### Material provided

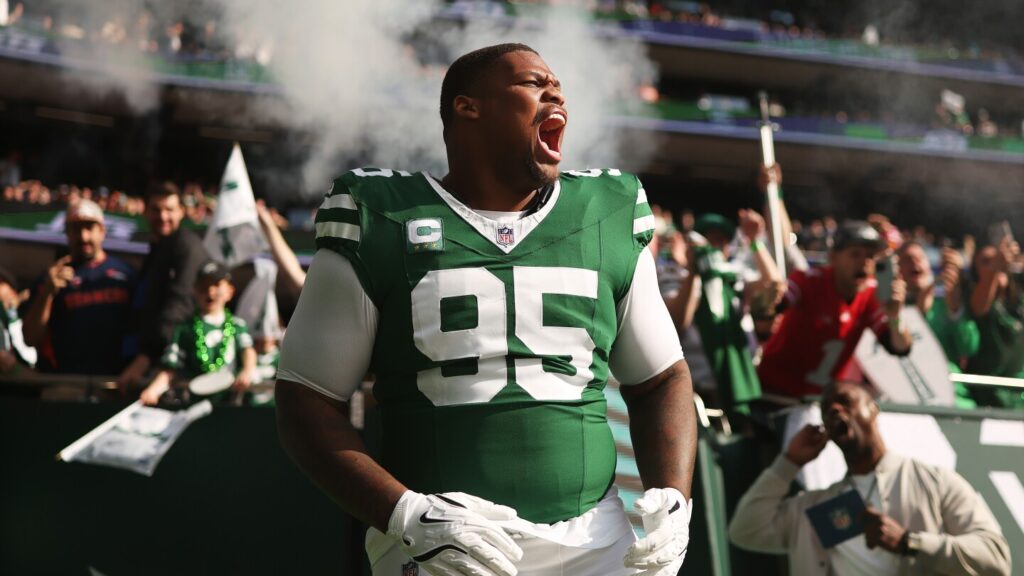Jets get their first takeaway of season, lead Broncos 3-0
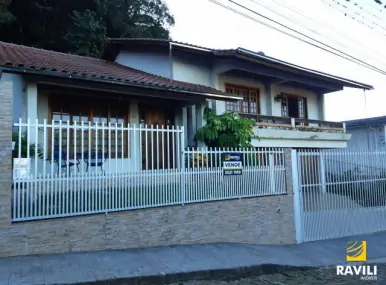 Excelente Casa para Venda Próximo ao Centro
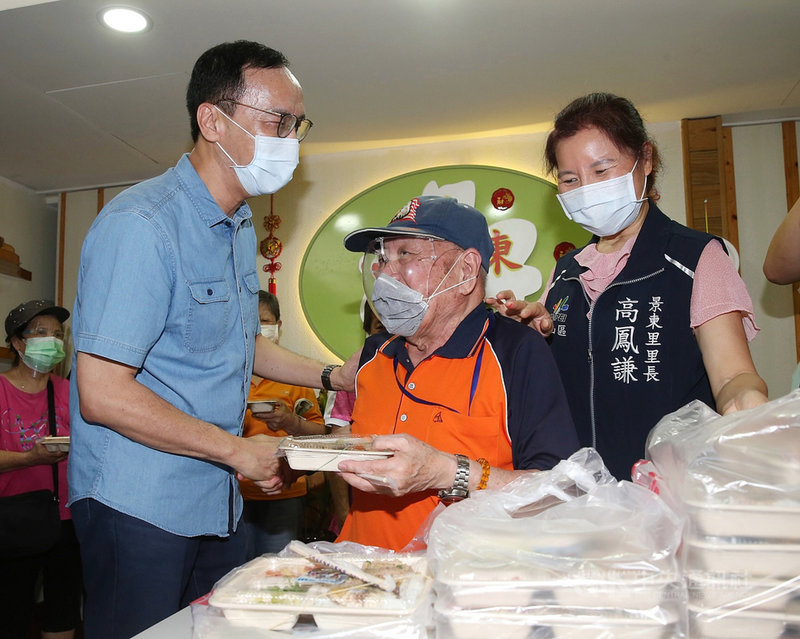 前國民黨主席朱立倫(左)28日上午到台北市文山區發送愛心便當,面對黨內不少支持者關心何時宣布參選黨主席,朱立倫在受訪時仍未鬆口,但他也表示,下午中常會會討論主席選舉時程,他會盡快向大家報告。中央社記者郭日曉攝 110年7月28日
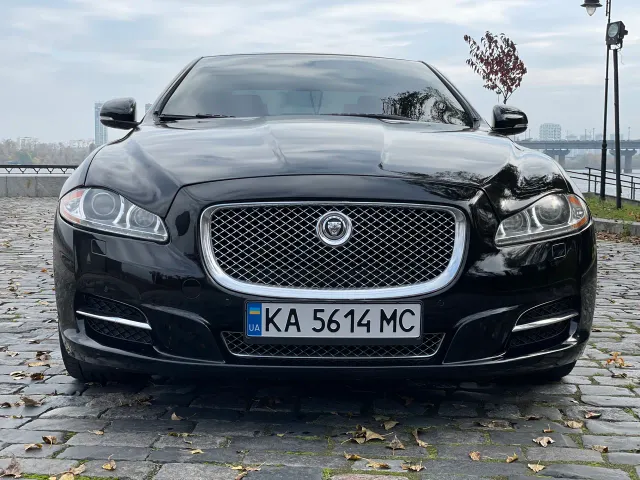 Jaguar XJ - фото 3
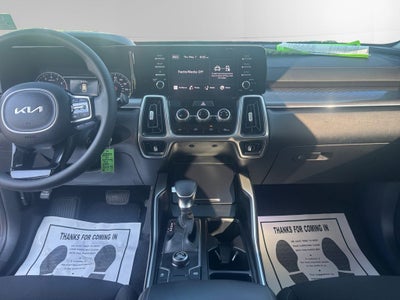 2023 Kia Sorento LX
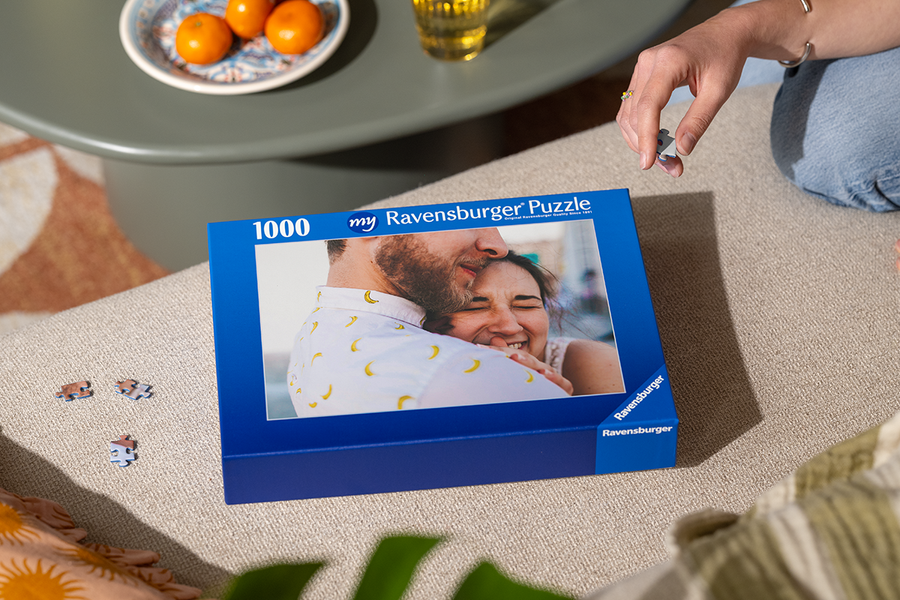 Een gepersonaliseerde albelli puzzel met een gelukkig stel op de voorkant, als illustratie van een verborgen boodschap-puzzel als creatief aanzoekidee.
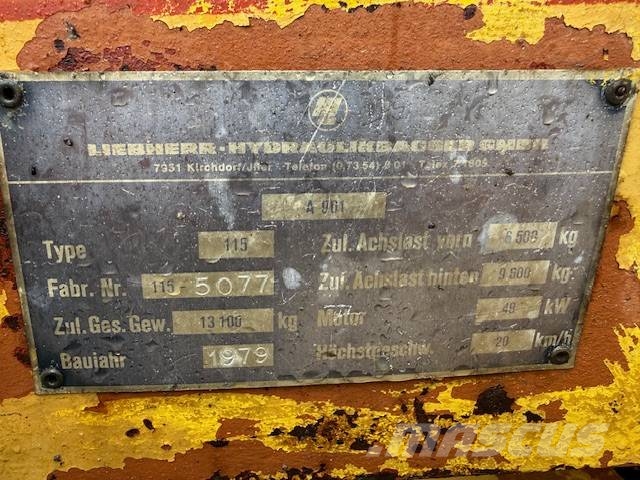Liebherr A 901 轮式挖掘机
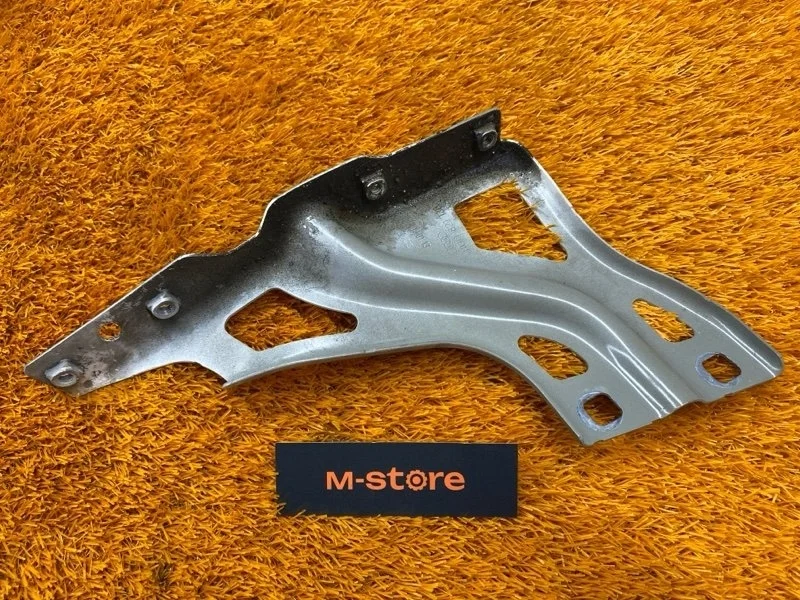 Крепление крыла Audi Q3 2013 8U0821136 8U CPSA, переднее правое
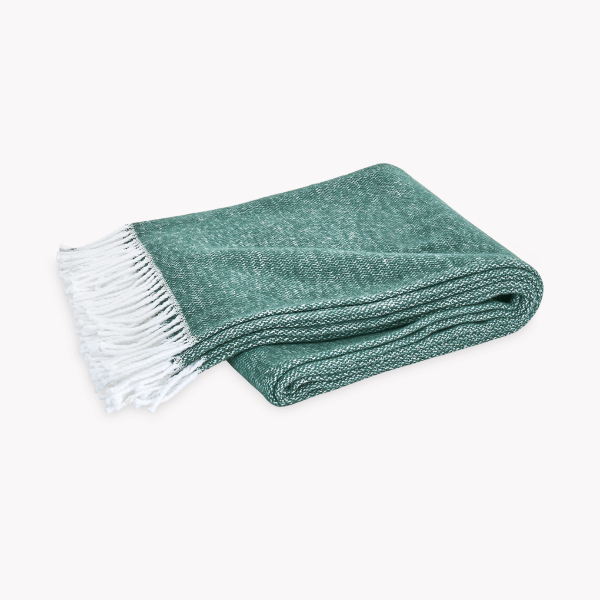 Pezzo Throw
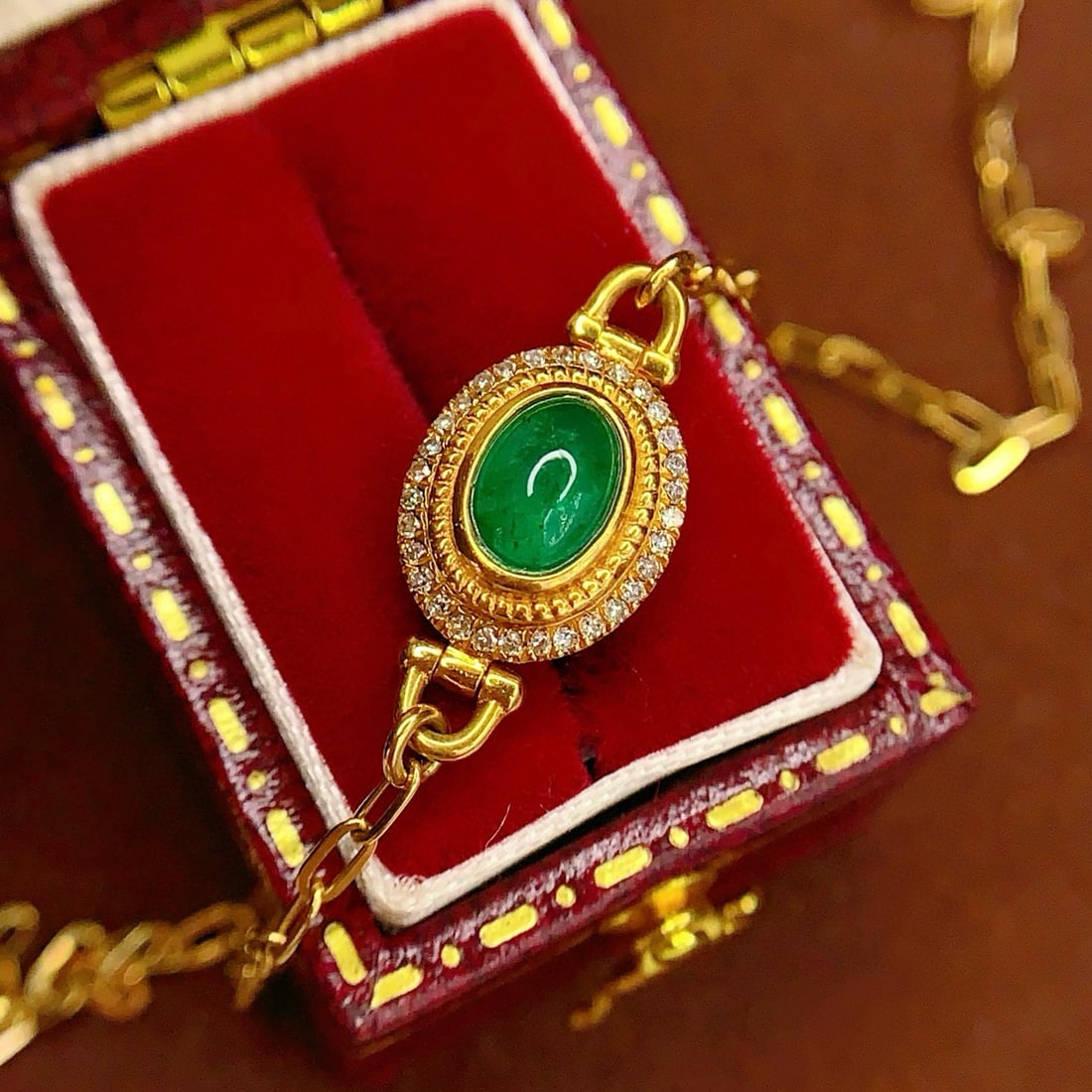 14k Gold 0.7 Ct Vivid Green Natural Emerald & Diamond Bracelet - 5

### Work to be completed
Each line from the first line of the material above through the line containing "2023 Kia Sorento LX" is to be reproduced exactly, with both ends kept and pictures left out.

### Solution
Jets get their first takeaway of season, lead Broncos 3-0
 Excelente Casa para Venda Próximo ao Centro
 前國民黨主席朱立倫(左)28日上午到台北市文山區發送愛心便當,面對黨內不少支持者關心何時宣布參選黨主席,朱立倫在受訪時仍未鬆口,但他也表示,下午中常會會討論主席選舉時程,他會盡快向大家報告。中央社記者郭日曉攝 110年7月28日
 Jaguar XJ - фото 3
 2023 Kia Sorento LX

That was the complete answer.